U.S. greenhouse gas emissions rose across all sectors in 2018, Rhodium says

Energize Weekly, January 16, 2019

U.S. carbon dioxide emissions linked to energy use rose for the first time in three years in 2018—with all sectors from power generation to manufacturing to home heating—posting increases.

There was a 3.4 percent increase in emissions, according to a study by the Rhodium Group, an energy and economic analytics consultant.

“This marks the second largest annual gain in more than two decades—surpassed only by 2010 when the economy bounced back from the Great Recession,” the study, based on preliminary data for power generation, as well as natural gas and oil consumption, said.

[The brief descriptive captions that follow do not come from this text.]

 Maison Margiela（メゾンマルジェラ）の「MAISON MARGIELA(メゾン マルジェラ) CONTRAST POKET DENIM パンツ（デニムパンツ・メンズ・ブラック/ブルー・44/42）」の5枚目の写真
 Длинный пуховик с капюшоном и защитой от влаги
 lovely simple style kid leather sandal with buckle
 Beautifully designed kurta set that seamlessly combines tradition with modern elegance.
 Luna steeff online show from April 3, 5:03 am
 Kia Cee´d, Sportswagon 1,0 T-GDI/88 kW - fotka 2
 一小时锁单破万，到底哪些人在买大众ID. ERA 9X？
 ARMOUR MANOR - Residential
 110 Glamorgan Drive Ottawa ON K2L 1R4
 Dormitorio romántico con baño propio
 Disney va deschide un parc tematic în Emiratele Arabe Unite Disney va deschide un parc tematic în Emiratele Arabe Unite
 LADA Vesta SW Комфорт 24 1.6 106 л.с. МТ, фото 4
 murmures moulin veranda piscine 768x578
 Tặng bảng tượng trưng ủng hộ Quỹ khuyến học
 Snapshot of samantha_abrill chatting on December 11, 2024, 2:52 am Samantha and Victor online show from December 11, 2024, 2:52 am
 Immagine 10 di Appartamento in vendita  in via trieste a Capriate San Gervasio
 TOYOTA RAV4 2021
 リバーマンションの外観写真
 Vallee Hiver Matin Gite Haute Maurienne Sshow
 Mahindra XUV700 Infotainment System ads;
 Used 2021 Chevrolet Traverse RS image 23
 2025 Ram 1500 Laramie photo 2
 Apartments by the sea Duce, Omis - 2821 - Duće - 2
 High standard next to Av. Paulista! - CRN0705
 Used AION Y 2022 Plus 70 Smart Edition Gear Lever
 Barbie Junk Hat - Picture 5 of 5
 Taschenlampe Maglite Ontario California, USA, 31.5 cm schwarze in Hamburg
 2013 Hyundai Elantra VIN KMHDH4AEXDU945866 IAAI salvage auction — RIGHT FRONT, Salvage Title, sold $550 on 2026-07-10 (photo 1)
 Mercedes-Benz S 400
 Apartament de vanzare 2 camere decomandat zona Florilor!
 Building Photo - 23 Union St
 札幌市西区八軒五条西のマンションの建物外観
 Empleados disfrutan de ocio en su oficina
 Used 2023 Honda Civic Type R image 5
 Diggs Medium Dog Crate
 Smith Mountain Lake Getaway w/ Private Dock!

The Rhodium emission estimates were only for energy-related carbon dioxide emissions, which account for three-quarters of total U.S. greenhouse gas emissions.

The utility sector had been showing declines in emissions as coal-fired power plants were retired—13.7 gigawatts (GW) of coal plants had retired or were set to retire by the end of 2018, Rhodium said.

Nevertheless, power sector emissions were up in 2018 by 1.9 percent, 34 million metric tons, as 14.9 GW of natural gas plants were added, double the amount of wind and solar.

Transportation continued to be the largest single source of carbon emissions, growing an estimated 1 percent, about the same growth rate as 2017.

A drop in the demand for gasoline, it was down 0.1 percent, was offset by increases in the consumption of diesel, up 3.1 percent and jet fuels, 3 percent, as trucking and air travel increased over the year.

“The largest emissions growth in 2018 occurred in the two sectors most often ignored in clean energy and climate policymaking: buildings and industry,” the study said.

Some of emissions increase for buildings was due to unusually cold weather at the start of the year—the number of heating degree days across the U.S. increased 15 percent in the first quarter of 2018.

“But it also highlights the limited progress made in developing decarbonization strategies for these sectors,” Rhodium said.

Direct emissions from residential and commercial buildings increased 10 percent in 2018 to their highest level since 2004. This is primarily from fuel oil, diesel and natural gas used for heating and cooking.

“While there have been modest improvements in the efficiency of oil and natural gas furnaces, it is not enough to offset the emissions impact of population growth and increased demand for heating and other non-electric building energy services,” the analysis said.

Rhodium said its preliminary estimates indicated that the industrial sector posted the largest emission increase for the year at 55 million metric tons. This was primarily due to increased industrial activity.

But without significant changes in policy or major technological breakthroughs, Rhodium said that the industrial sector will become an increasingly larger share of U.S. greenhouse gases.

“We expect it to overtake power as the second leading source of emissions in California by 2020 and to become the leading source of emissions in Texas by 2022,” the study said.